Junior Tara Bansal was elected DSG president Wednesday. 

Junior Tara Bansal was elected president of Duke Student Government in an election held from noon Tuesday until noon Wednesday.

In addition to Bansal, junior Ilana Weisman was elected executive vice president. Gwen Geng, a sophomore, won the Student Organization Finance Committee chair race. In this election, 2,416 undergraduate students voted—which represents 36 percent of the student body, a slight increase from last year, when 30 percent of students voted. 

"The biggest thing I'm looking forward to is that I want to see dynamic and progressive vision," Bansal said. "My belief that DSG can impact this University has only increased after this election."

Bansal, who currently serves as the DSG vice president of academic affairs, defeated juniors Annie Adair and John Guarco—who serve as chief of staff and executive vice president, respectively.

She complimented her fellow candidates on a fair and platform-driven campaign.

"I'm really proud of the campaign everyone ran," Bansal said. "This campaign challenged all of us on what we've done during our time in DSG."

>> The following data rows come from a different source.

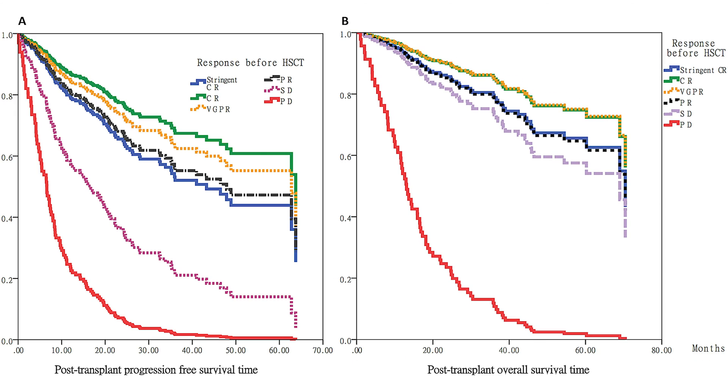Overall survival, which is in some ways a more meaningful endpoint, really looks at just how long patients live overall from the start of the trial, even after their myeloma has progressed and they have moved on to other treatments.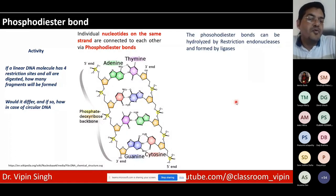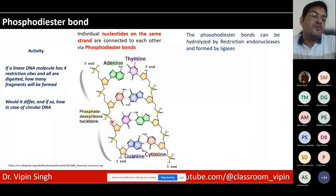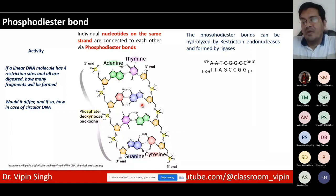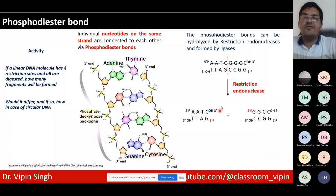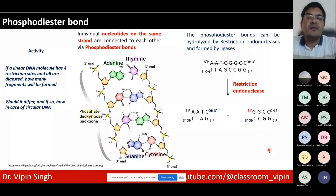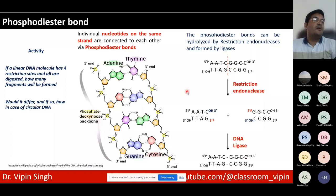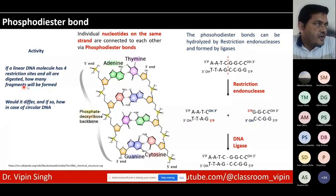The phosphodiester bond is what is broken when a restriction enzyme acts. Ligase can restore those bonds. A piece of DNA can be hydrolyzed at a specific site to produce two molecules, then a new DNA fragment can be inserted, or the ends can be resealed with ligase. This is the entire process of restriction digestion and ligation. If a linear DNA molecule has four restriction sites and all are digested, how many fragments will be formed?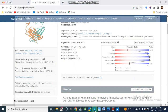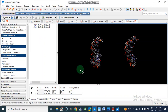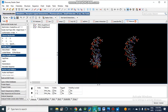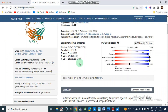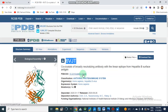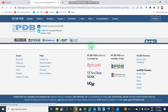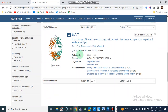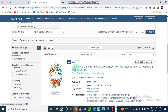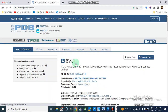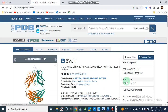Now we will move to macromolecules. First we will study how we can retrieve macromolecules from different databases. In the case of proteins, as we already discussed in previous videos, we can retrieve them from PDB — the Protein Data Bank. For example, if we need 6VJT, we enter that ID and it will open. This is an antibody of hepatitis B surface antigen, and we get this macromolecule by downloading the file in PDB format.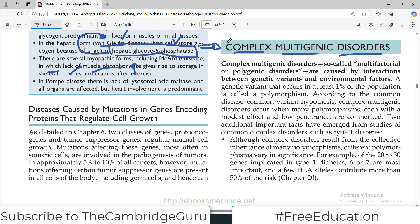Multigenic disorders, as the name says, involve multiple genes. There are so many diseases like this. We may read one disease example in the text, but the whole spectrum is not covered. There are so many disorders which are multigenic, and we also call them complex — particularly if there is a genetic susceptibility involved.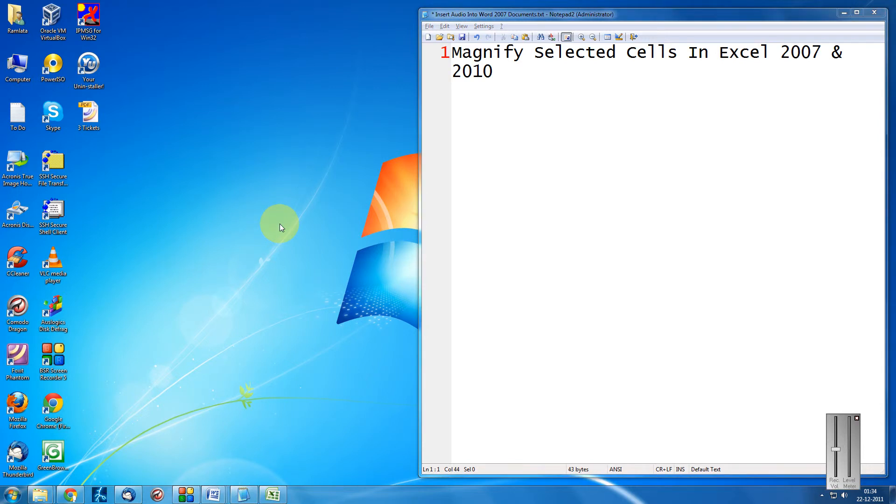Hey friends, welcome to another tutorial of EC video series. Here I am going to show you how to magnify the selected cells in Excel 2007 and 2010.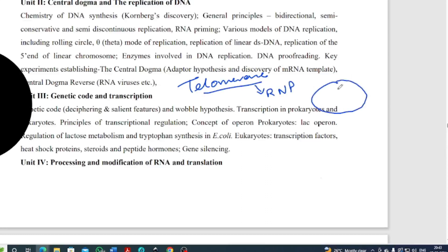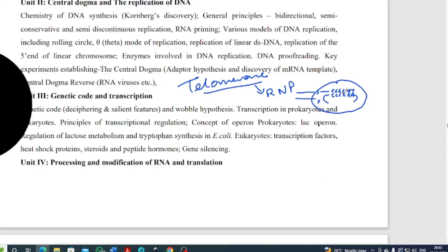Telomerase is an enzyme containing a piece of RNA. That RNA has a particular sequence — for Tetrahymena it has C4A2. This acts as a template to synthesize DNA. The five prime strand and three prime strand: the three prime strand has that telomerase sequence G4T2, and this is made with the help of the RNA piece present inside the enzyme telomerase.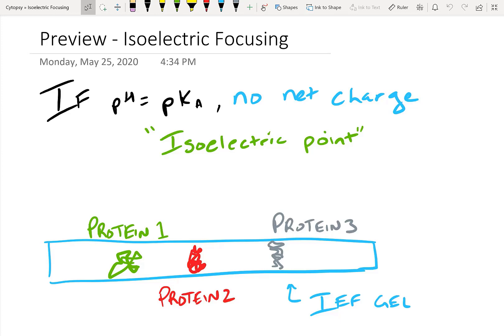When pH equals pKa, there's no net charge on a protein. At this point, we call it the isoelectric point. It's when the protein has no charge and hence, in isoelectric focusing, the protein doesn't move.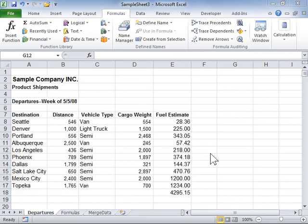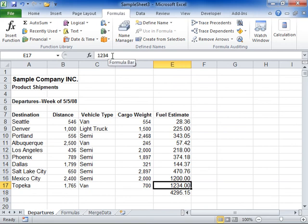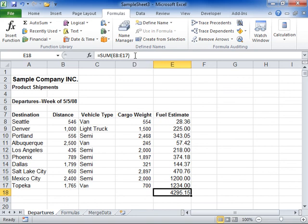Understand how formulas calculate values in cells. A constant value is a numeric or text value that is typed directly into a cell. A cell that contains a formula is known as a dependent cell. If a value that the dependent cell refers to changes, the dependent value will reflect this change.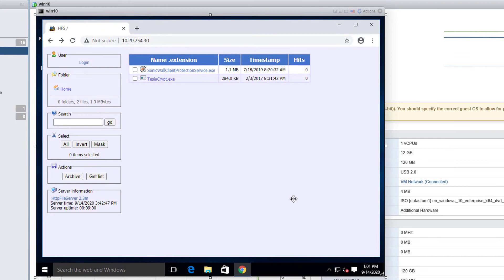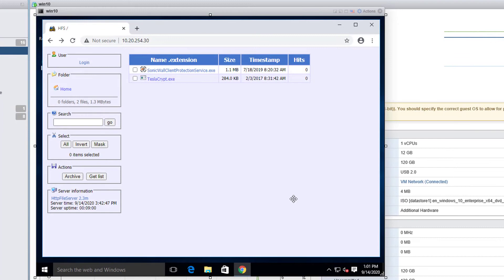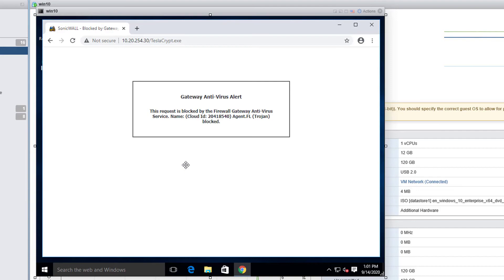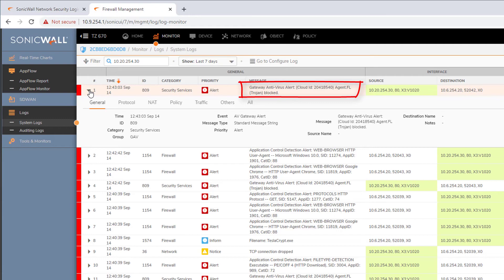Now let's try again over web. When I try to download TeslaCrypt, I get a Gateway Antivirus alert coming from the firewall. Looking at the logs using the search, we can see the Gateway Antivirus triggered for the same virus and the same signature ID.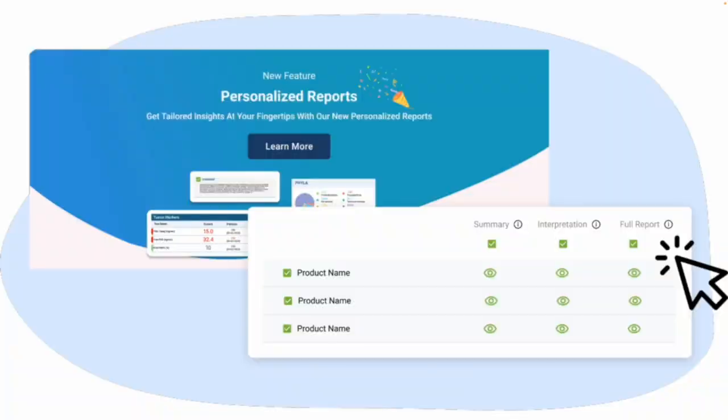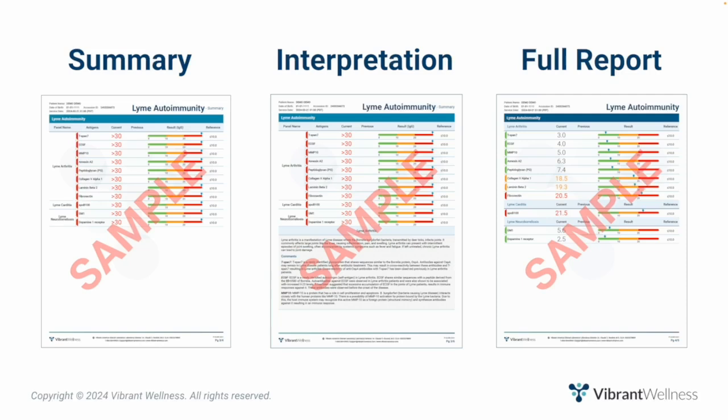Before we dive into the actual report, you get to choose how much information to include in the report you download for yourself or the report you share with your patients. You have three options: summary, summary with interpretation, and full report. I'll be going over the report that includes all three options combined, as it is the most comprehensive.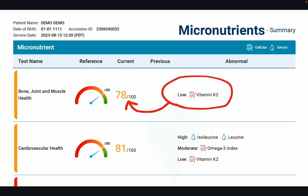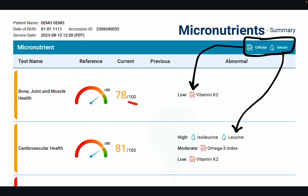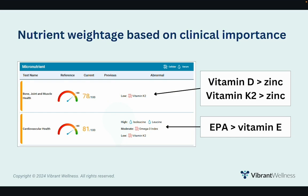In this example, low serum vitamin K2 lowered the bone, joint, and muscle health risk score from 100 to 78, indicating moderate risk for health issues in this category. Red cells indicate intracellular status, and blue water droplets indicate serum levels. Note that risk scores assign different weightage to each micronutrient based on its clinical importance in that category — so micronutrients are not scored or weighted evenly. For example, EPA has a much higher impact on cardiovascular health than vitamin E, and zinc has less impact on bone, joint, and muscle health than vitamins D and K2.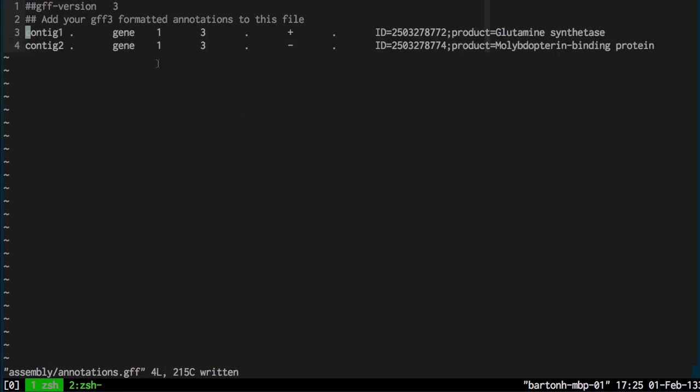So I've just added two annotations. If you're not familiar with GFF3 format, it's the source sequence, the type of annotation, the start position, the end position, the strand, the ID, and then the product. And so I've got a glutamine synthesase on contig one and a molybdopterin binding protein on contig two. And these are just examples because obviously you're not going to see very many three nucleotide long proteins.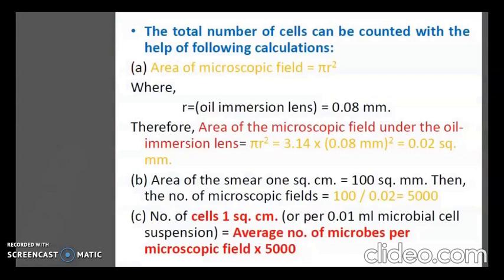The total number of cells can be counted using the following equation. The area of the microscopic field is equal to π R squared, where R equals 0.08 mm for the oil immersion lens. Therefore the area of the microscopic field under oil immersion is 0.02 square millimeters. The area of the smear per square centimeter is 100 square millimeters. So the number of microscopic fields equals 100 divided by 0.02, giving 5000. Therefore, the number of cells per square centimeter equals the average number of microbes per microscopic field multiplied by 5000.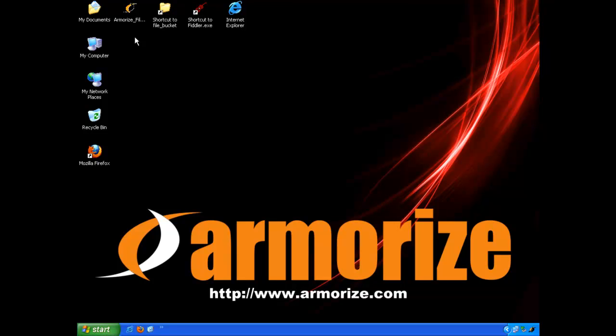Hi, my name is Wayne Huang, I'm co-founder to Armorize Technologies. This is our video report of malvertising on speedtest.net to spread fake antivirus.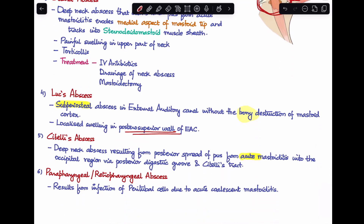The sixth extratemporal complication is parapharyngeal or retropharyngeal abscess — I have separate videos on each of these. This occurs due to infection of peritubal cells as a result of acute coalescent mastoiditis. This completes our discussion on all the extracranial complications of CSOM. In the next class I'll be discussing the intracranial complications of CSOM to wrap up this topic.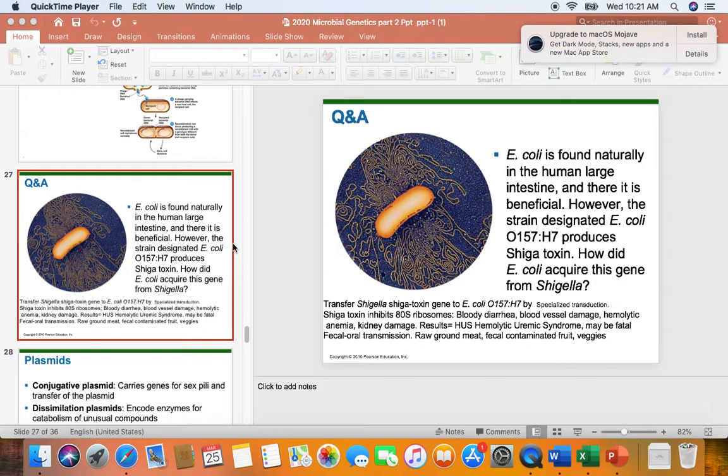We are finishing up microbial genetics part two. The start of lecture exam three information will be right after the operons. Starting lecture exam three, we'll have mutations, horizontal gene transfer, which we just covered in a previous movie. And today we are going to finish with a short movie or audio recording on plasmids and transposons and antibiotic resistance.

The presidential election went to an instant run-off format because none of the three candidates won a majority of the vote. After the recalculation, Guarco's votes were reallocated to the candidate voters ranked second. Bansal finished with 1,200 votes—or 51 percent of the vote—compared to Adair's 1,149. This number does not add up to 2,416 votes because not all voters ranked second options.

Adair noted how pleased she was with the close finish.

"For me to get such a close margin as an independent and a transfer is amazing, and it shows that Duke students are ready for results and a change of pace," Adair said.

Guarco congratulated all candidates on a clean race.

"I'm proud to say we were able to spread our message, and congratulations to Tara," he said.

Weisman—current vice president of equity and outreach—defeated junior John Turanchik.

"I'm thrilled for next year and am very excited to make DSG work as it should and make things happen for students," Weisman said. "Being able to give back a senior is something I'm looking forward to."

Geng, the current DSG treasurer, won the SOFC chair race over junior Alexa Soren, a current SOFC member. Geng received 54 percent of the vote, but may be facing a lawsuit in the DSG Judiciary about the inappropriate use of her position to campaign.

Finally a constitutional amendment allowing Senate size to be determined by bylaw rather than constitutional amendment passed. According to the ballot, "The amendment would allow DSG to become more flexible regarding internal structure, facilitating legislative focus and campus representation."

The amendment passed with 80 percent of the vote.

The election, on a noon-to-noon schedule, was the second election held this year on that schedule. Elections in past years have been held from midnight to midnight.

DSG Attorney General Robin Zhang, a senior, explained that the system works and should be a permanent change made to the election process.

"The noon-to-noon election should stay," he said. "Having [Office of Information Technology] service overnight is a blessing."

Issues in the middle of the night when no one is voting can be easily taken care of as opposed to past elections, when issues during the day limited the amount of time students have to vote, Zhang explained.

Correction: This article was updated to remove an incorrect statement that seniors only recently were granted voting rights in the DSG presidential elections and clarify that Geng could be facing the lawsuit. The Chronicle regrets the error.